# kyllä, niin, joo



## Joannes

Hello,

What is the difference in use of these three when meaning 'yes'?

(A very short question for a not quite so evident answer, I suppose, but I'm sure you'll do great. )

Thank you very much in advance!


----------



## Hakro

_Kyllä_ is the general word for 'yes'.
_Niin_ is used when one agrees with the former speaker (direct translation is 'so').
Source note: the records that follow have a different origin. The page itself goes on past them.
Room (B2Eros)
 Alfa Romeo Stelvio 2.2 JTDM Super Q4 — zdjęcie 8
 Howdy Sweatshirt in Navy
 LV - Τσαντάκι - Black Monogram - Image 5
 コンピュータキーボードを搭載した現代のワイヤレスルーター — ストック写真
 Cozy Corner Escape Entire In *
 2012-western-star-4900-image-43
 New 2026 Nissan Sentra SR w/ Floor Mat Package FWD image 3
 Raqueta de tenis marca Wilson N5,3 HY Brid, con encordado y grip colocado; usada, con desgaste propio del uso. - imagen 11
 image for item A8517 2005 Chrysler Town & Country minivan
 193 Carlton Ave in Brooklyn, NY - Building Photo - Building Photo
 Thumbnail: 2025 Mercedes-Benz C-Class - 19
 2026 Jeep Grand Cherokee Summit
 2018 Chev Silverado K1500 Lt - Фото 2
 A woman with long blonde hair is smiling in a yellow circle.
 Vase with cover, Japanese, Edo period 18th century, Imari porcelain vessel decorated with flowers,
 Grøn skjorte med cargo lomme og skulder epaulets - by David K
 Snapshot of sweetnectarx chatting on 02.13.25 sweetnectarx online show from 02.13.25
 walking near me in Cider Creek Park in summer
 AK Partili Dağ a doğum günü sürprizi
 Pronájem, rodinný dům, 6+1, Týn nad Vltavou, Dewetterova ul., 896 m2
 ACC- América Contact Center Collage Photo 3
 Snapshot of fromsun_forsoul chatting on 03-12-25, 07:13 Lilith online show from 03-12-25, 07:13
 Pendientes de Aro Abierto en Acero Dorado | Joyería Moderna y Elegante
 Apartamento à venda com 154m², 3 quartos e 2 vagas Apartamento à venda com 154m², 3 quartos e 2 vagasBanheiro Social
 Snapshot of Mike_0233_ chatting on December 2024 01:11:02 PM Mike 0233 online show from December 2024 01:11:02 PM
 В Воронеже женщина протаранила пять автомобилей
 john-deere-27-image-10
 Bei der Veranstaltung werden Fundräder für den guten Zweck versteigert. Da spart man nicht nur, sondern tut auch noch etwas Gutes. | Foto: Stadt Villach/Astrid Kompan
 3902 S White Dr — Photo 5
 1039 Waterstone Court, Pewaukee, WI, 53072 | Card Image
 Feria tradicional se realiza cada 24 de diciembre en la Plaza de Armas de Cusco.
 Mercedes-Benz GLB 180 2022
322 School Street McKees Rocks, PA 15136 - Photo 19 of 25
It's often followed by a verb: _niin on_ = 'so it is'.
_Joo _and_ juu _are colloquial words for 'yes'.

I hope that this very short answer helps you.


----------



## Joannes

Hakro said:


> _Niin_ is used when one agrees with the former speaker


 
But isn't that what *kyllä* does, as well?  Or are you implying that its use differs from *kyllä*'s in that *niin* is not (usually/as much as *kyllä*) used as an answer to yes/no questions, but just as an affirming reaction to statements?

And/or that *niin* differs from *kyllä* in that it literally agrees to a previously mentioned (possibly negated) proposition, while *kyllä* would carry the polarity of that proposition in its own? I mean: answered to *do you like dogs?*, they would both mean 'yes, I do', but answered to *don't you like dogs?*, *niin* would mean 'so it is, I don't like dogs', while *kyllä(pä)* would mean 'yes, I do'?

Thank you, and best wishes for the new year!


----------



## Hakro

> But isn't that what *kyllä* does, as well? Or are you implying that its use differs from *kyllä*'s in that *niin* is not (usually/as much as *kyllä*) used as an answer to yes/no questions, but just as an affirming reaction to statements?


Exactly, Joannes. You can always use 'kyllä' but 'niin' is possible only in certain cases. I try to give you some examples:
- Do you like dogs? Kyllä ('niin' is impossible).
- Don't you like dogs? Kyllä(pä) ('niin' is impossible)  or - Ei, en pidä (No I don't; 'niin' is impossible)
- I think you like dogs? Niin (pidänkin) ('kyllä' is also possible).
- I think you don't like dogs? Niin (en pidäkään) (No I don't) ('kyllä' is possible but seldom used in this case).

This means that you can use 'niin' as 'yes' only when the first speaker has said a statement, an opinion, an affirmation of his own and you agree with that. As an answer to a direct question you can never use 'niin'.

I hope you got the idea. If not, don't hesitate to ask again.


----------



## Joannes

Got it. Thank you very much.


----------